- The paper introduces UNION, a novel unreferenced metric that uses BERT and negative sampling to evaluate open-ended story generation without relying on reference texts, making it suitable for the one-to-many nature of story outputs.
- A key contribution involves constructing negative samples by replicating common errors in generated stories (repetition, incoherence, conflicts) to train UNION to distinguish between human-quality and flawed outputs.
- Extensive experiments demonstrate that UNION significantly outperforms traditional referenced metrics like BLEU and MoverScore in correlating with human judgments across diverse datasets and quality levels, providing a more reliable automatic evaluation method.
Evaluation of Open-ended Story Generation with Union Metric
The paper introduces "Union," an unreferenced metric specifically designed to evaluate the quality of open-ended story generation. The traditional referenced metrics, such as BLEU and MoverScore, often fail to correlate effectively with human judgments in scenarios involving open-ended text generation due to the inherent one-to-many nature of plausible outputs from a single input. This paper addresses this issue by proposing Union, which evaluates story generation quality without requiring references.
Key Contributions
- Learnable Unreferenced Metric: Union leverages BERT to distinguish human-written stories from constructed negative samples. The process is devoid of dependence on outputs from neural language generation (NLG) models, enhancing its generalizability. Union also undertakes an auxiliary reconstruction task, further refining its evaluation capability.
- Negative Sample Construction: The authors detailed the predominant errors observed in existing NLG models - repetitive content, incoherent plots, conflicting logic, and chaotic scenes. They replicate these issues using negative sampling methods such as repetition, substitution, reordering, and negation alteration to auto-generate negative samples from human-written stories.
- Empirical Validation: Extensive experimentation on two distinct datasets (ROCStories and WritingPrompts) demonstrates Union’s superior correlation with human judgment compared to other metrics. The additional experiment results highlight Union's robustness across diverse dataset drifts and quality variations.
Evaluation and Results
Union's effectiveness is substantiated through its high correlation with human judgments across different experiments. Pearson's, Spearman's, and Kendall’s correlation coefficients reveal Union's capacity to maintain reliability and robustness compared to existing metrics. Union demonstrated its capability to handle dataset drift, maintaining evaluative integrity across datasets with distinct characteristics in terms of length and topic. Additionally, Union showcases its competence in handling quality drift, lending itself to reliable evaluations over samples with variable quality levels.

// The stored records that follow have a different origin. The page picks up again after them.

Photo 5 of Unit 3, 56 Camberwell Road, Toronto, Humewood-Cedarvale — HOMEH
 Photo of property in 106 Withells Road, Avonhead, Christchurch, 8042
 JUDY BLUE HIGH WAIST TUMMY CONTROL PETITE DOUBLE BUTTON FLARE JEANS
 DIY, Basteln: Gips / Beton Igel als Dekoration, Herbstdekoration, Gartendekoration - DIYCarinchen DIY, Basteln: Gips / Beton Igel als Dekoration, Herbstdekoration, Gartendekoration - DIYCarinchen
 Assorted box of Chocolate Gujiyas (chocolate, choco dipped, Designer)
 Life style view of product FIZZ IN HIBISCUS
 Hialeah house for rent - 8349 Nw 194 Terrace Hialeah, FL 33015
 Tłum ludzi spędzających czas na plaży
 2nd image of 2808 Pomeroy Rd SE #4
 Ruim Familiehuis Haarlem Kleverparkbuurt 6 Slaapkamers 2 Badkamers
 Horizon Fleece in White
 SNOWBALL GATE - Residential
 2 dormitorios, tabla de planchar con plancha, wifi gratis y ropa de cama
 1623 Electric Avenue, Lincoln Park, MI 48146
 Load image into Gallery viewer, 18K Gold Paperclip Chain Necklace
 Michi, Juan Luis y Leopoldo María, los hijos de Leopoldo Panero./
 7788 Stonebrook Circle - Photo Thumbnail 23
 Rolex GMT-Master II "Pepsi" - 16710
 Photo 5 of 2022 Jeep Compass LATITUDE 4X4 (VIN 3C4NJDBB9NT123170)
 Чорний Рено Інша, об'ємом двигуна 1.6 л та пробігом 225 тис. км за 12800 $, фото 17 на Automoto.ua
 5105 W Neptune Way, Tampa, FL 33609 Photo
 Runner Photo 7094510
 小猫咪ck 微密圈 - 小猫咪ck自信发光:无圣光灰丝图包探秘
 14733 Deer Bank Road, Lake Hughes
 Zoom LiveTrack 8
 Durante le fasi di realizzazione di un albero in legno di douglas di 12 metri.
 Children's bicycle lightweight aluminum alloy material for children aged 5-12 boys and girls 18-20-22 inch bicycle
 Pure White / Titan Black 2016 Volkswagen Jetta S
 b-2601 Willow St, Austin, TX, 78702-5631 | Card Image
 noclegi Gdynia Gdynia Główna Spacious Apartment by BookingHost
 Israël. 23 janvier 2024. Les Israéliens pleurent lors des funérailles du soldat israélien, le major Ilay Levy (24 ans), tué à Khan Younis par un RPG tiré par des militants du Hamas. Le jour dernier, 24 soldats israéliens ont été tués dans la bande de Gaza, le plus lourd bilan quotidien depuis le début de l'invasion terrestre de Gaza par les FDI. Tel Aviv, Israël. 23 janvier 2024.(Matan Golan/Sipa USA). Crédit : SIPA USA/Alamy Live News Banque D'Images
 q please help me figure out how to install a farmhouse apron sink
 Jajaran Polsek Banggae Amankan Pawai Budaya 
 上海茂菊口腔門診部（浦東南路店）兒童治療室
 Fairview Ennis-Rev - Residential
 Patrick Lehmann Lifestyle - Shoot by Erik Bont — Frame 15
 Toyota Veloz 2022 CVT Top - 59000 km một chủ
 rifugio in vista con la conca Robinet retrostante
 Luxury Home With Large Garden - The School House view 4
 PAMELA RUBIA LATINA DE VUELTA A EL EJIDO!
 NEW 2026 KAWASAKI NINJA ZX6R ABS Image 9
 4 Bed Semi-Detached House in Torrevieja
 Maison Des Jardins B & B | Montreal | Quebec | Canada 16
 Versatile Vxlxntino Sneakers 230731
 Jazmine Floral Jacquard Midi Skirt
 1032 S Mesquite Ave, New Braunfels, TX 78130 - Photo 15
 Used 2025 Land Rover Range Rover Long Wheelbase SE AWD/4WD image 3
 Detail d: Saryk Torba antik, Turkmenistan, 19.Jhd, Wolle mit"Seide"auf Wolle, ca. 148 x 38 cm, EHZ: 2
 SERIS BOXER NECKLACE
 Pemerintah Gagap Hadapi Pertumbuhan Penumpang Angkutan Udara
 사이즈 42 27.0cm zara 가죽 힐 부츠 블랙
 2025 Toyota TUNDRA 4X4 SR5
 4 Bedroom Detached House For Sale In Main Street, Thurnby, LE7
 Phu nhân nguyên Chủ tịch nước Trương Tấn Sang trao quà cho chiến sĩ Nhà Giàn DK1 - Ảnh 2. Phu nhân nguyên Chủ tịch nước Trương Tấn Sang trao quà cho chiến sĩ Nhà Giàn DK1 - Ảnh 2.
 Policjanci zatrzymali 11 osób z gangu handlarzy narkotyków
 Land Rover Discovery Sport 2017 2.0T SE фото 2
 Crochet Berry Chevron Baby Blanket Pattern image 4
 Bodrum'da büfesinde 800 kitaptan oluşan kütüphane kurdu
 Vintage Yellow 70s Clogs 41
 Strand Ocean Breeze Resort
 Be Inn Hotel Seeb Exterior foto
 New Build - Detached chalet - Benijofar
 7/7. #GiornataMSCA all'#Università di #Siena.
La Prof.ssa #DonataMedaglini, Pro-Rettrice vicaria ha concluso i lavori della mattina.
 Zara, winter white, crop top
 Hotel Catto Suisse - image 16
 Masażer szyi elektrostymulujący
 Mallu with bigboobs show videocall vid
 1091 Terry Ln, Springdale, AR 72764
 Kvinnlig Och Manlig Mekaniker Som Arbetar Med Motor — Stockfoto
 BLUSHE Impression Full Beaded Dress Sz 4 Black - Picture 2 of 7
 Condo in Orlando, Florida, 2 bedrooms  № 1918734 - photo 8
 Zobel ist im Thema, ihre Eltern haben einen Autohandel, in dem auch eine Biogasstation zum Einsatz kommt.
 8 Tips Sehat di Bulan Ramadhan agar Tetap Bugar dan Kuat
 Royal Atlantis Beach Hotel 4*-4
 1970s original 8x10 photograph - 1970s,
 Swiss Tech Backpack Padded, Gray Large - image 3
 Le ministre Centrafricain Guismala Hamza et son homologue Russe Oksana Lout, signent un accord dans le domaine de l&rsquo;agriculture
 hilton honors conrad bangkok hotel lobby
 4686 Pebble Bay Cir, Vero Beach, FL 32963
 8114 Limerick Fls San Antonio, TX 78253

Practical and Theoretical Implications
Union’s ability to accurately evaluate story quality without references presents a significant advancement in story generation tasks, offering a more reliable automatic evaluation method that aligns closer with human perceptions. The metric’s generalizable nature is critical for practical applications involving diverse datasets or models where train-test distributions are notably variant.
Future Directions
The Union framework sets a precedent for creating robust unreferenced metrics extending beyond story generation into dialog systems and broader NLG tasks. Potential improvements could focus on refining negative sample construction techniques and incorporating external knowledge bases to discern semantic coherence and logical consistency with greater precision.
In summary, Union marks a substantial development for evaluating open-ended story generation, directly confronting the limitations of referenced metrics and presenting a viable path forward for high-quality automatic assessments.